DATA SEGMENT:
------------------------------------------------

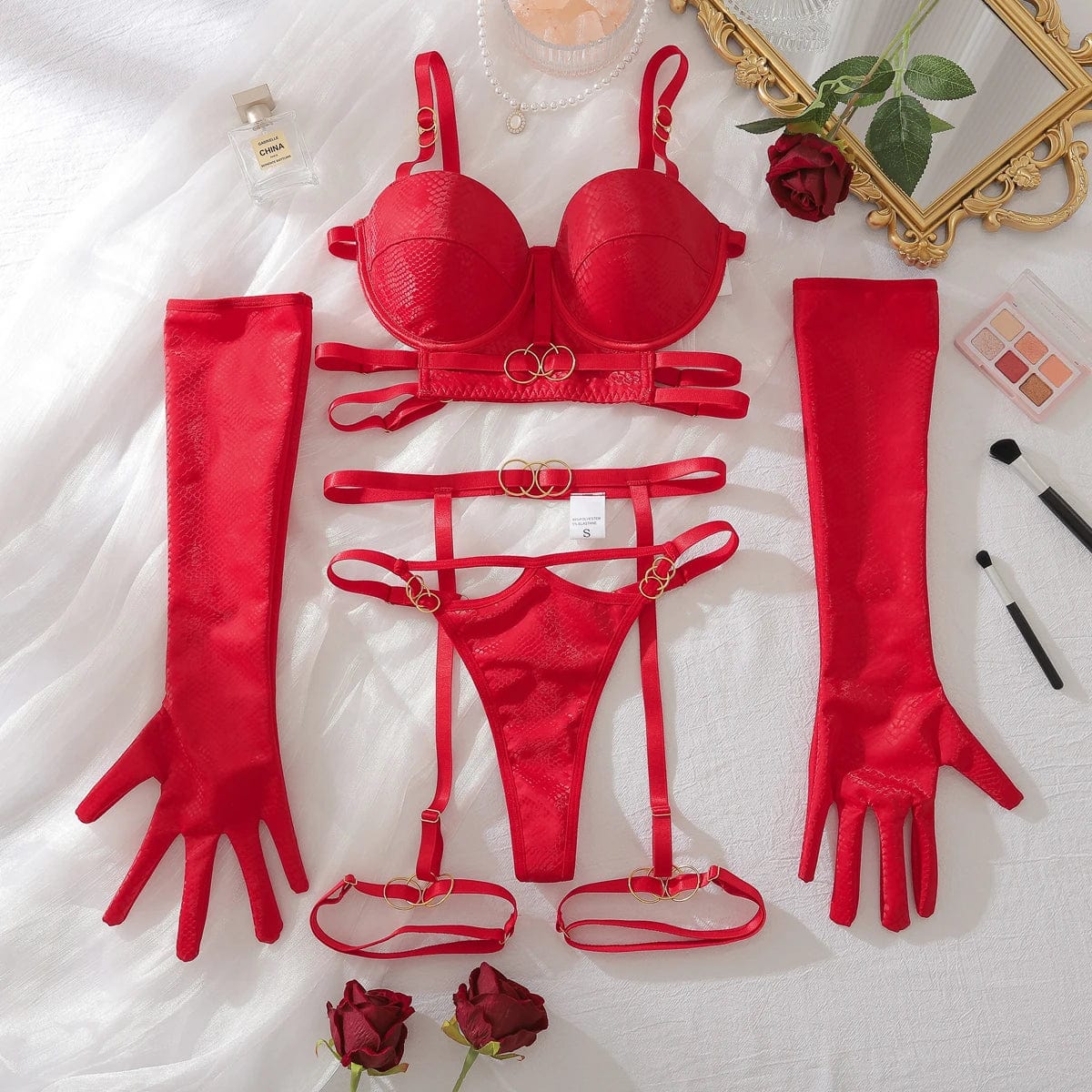 Set of lingerie with adjustable fastening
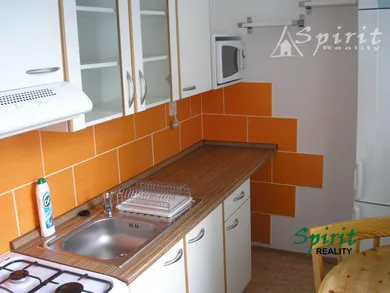 Na prenájom 1-izbový byt, 35 m², Bratislava-Dúbravka, Kpt. Rašu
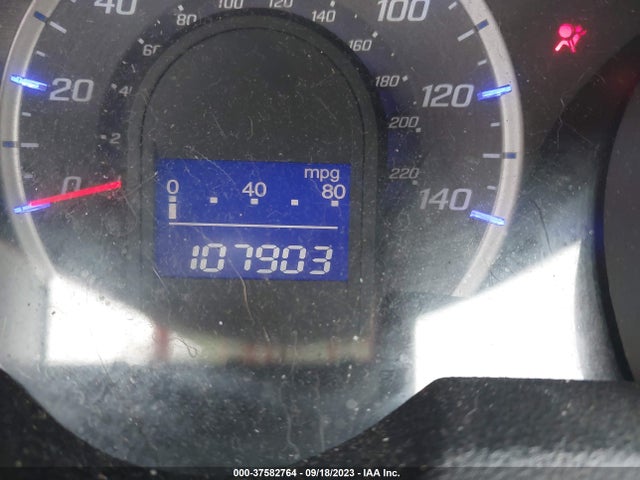 2010 HONDA FIT VIN: JHMGE8H27AC023729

------------------------------------------------

REQUIRED ACTION:
Only text belongs in the copy: repeat each line of the data exactly and leave out the pictures.

EXPECTED OUTPUT:
 Set of lingerie with adjustable fastening
 Na prenájom 1-izbový byt, 35 m², Bratislava-Dúbravka, Kpt. Rašu
 2010 HONDA FIT VIN: JHMGE8H27AC023729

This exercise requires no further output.